Padahal, siapa yang lebih tahu kebutuhan siswa dan tantangan kelas selain guru? Pemerintah dan perguruan tinggi perlu membangun ekosistem kolaboratif, di mana masukan dari guru menjadi dasar pengambilan keputusan, bukan hanya sekadar pelengkap formal dalam seminar atau FGD.
Perlu ada pergeseran paradigma dalam menilai kinerja guru. Selama ini, keberhasilan guru sering diukur dari angka, laporan, dan dokumen yang rapi. Padahal, banyak proses pembelajaran bermakna yang tak bisa diukur lewat indikator administratif.

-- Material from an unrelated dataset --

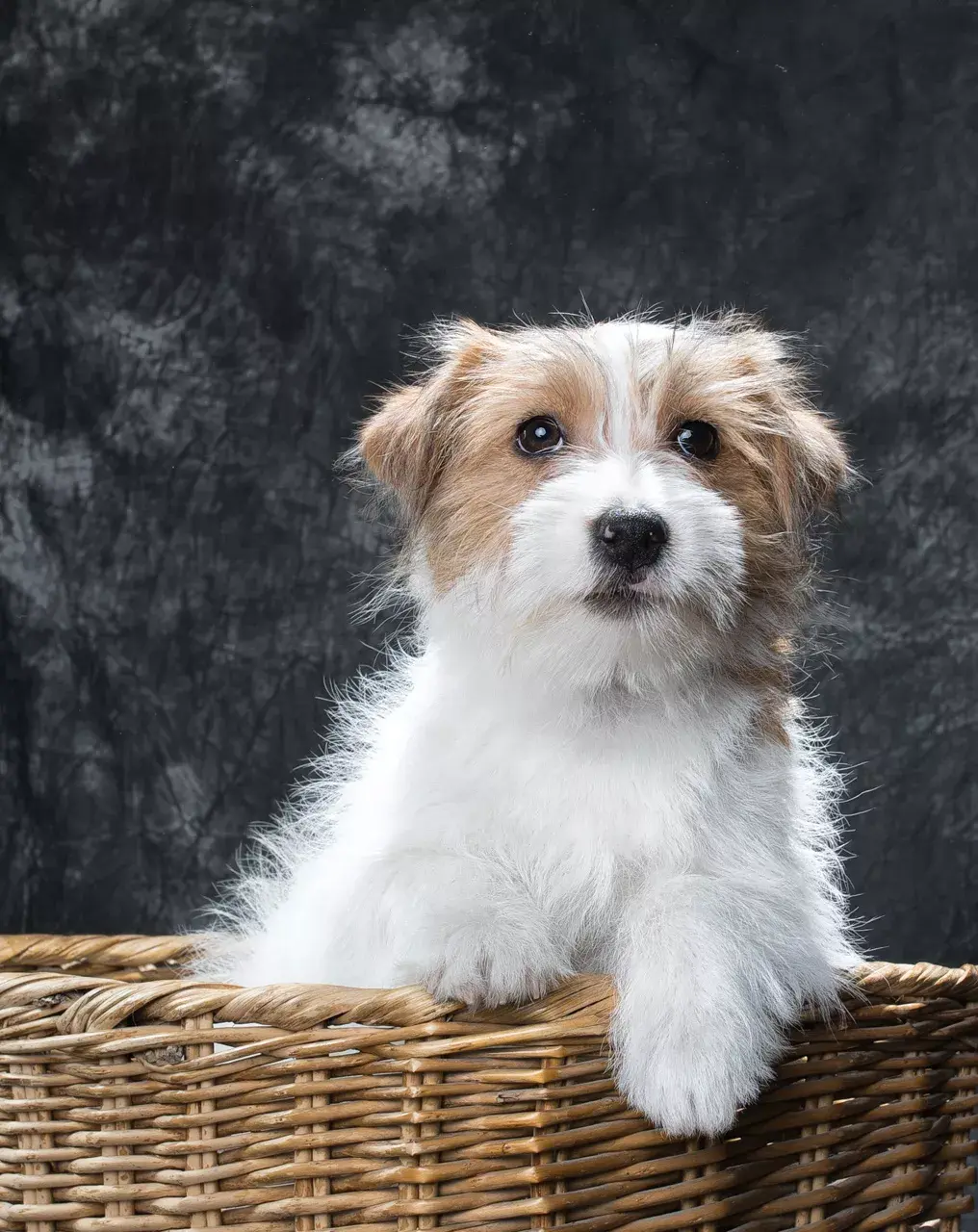 杰克罗素梗杂交犬图片图片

Pemerintah harus berani mengembangkan sistem evaluasi yang lebih holistik, yang menilai kreativitas, empati, dan kemampuan guru dalam membangun karakter siswa—bukan sekadar kemampuan menyusun rpp sesuai template.
Institusi pendidikan guru harus memperbarui kurikulum mereka agar lebih relevan dengan kebutuhan abad ke-21. Teknologi bukan lagi pilihan, melainkan keharusan.

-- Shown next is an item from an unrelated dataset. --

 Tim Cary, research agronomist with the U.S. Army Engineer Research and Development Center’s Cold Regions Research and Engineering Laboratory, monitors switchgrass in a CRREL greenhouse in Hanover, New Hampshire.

Namun banyak calon guru yang masih gagap digital karena tidak dibekali pelatihan yang konkret. Lebih ironis lagi, mereka belajar teknologi dari dosen yang sendiri belum terbiasa mengajar secara digital. Jika akar masalah ini tidak diselesaikan, kesenjangan digital antara guru dan siswa akan semakin lebar.
Masyarakat juga perlu diingatkan kembali akan peran vital guru. Jangan jadikan guru sebagai kambing hitam ketika anak gagal berprestasi, padahal dukungan dari rumah sangat minim.
Di sisi lain, glorifikasi guru juga harus diiringi dengan keberpihakan kebijakan yang konkret. Guru tak butuh pujian kosong di hari pendidikan nasional, mereka butuh jaminan kesejahteraan, perlindungan hukum, dan ruang berkarya. Tanpa itu semua, profesi guru akan terus dipandang sebagai pekerjaan penuh beban, namun minim penghargaan.
Guru bukan sekadar pengajar, tapi pelita peradaban. Namun, ketika gaji tak cukup menghidupi, kurikulum membelenggu kreativitas, dan sistem hanya memproduksi guru administratif, apa yang bisa kita harapkan dari pendidikan selanjutnya? Tahun 2025 harus menjadi titik balik—bukan hanya retorika, tapi aksi nyata.